The idea is to implement a different implementation strategy that does not apply a generic rule to `Vec<T>` (for any serializable `T`), and 
asks the developer to switch between these two strategies. There are a few problems with this approach:
- It requires developers to modify the layers and layers of abstractions. If a developer uses four crates---A, B, C, 
D---A depends on B, B depends on C, C depends on D, and D uses `Vec<u8>`, the developer needs to go all the way down to 
D to change the definitions of its data structures. This can cause compatibility issues with the rest of the system. 
- It is very difficult to be comprehensive because `Vec<u8>` is extremely common in Rust data structures, and a developer 
would need to do a few passes of the code in order to clean this issue.
- If it requires significant patching, it would be very difficult to sync the code with their original repositories. 
This not only increases maintenance overhead, but in practice often leads to security issues.

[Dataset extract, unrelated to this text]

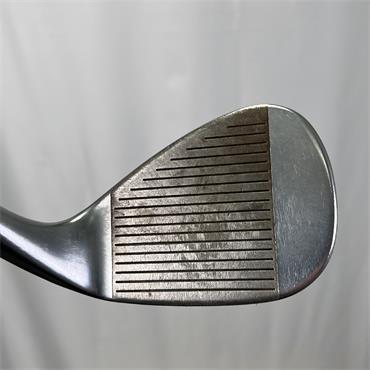 TaylorMade MG4 54.11SB PX Steel XStiff Wedge Gents LH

People's hope for this problem rests on [specialization](https://rust-lang.github.io/rfcs/1210-impl-specialization.html),
but there are limited chances that this can become stable any time soon. Use nightly for production environment is heavily
discouraged, and would not be suitable for RISC Zero's zkVM because it is in the process of becoming part of Rust.

## Our solution

Prior discussion shows that a bottom-up approach can be disastrous. This repository suggests a top-down approach, or in 
other words, we do not require any modification to the existing data structures implemented in Rust, but instead, we 
present a serializer that converts RISC Zero input into `Vec<u32>`, with the corresponding deserialization.

The idea is to have a side buffer, which we call `ByteBuffer`, managed by `ByteHandler`. When it observes several 
continuous u8 being serialized, it tries to put them together rather than having each of them occupying a word.

The byte buffer consists of four bytes. So when there are four bytes in the buffer, a word would be produced, and the 
buffer would be emptied. When something other than a byte is being serialized, the byte handler would immediately emit 
a word and clean up the buffer.

Detail of the implementation can be found in the codebase. Below we summarize the main changes in the code.

### Serialization

The old code for `serialize_u8` and `serialize_u32` are good examples to compare the code before and after, 
other than the code for the new finite-state automata.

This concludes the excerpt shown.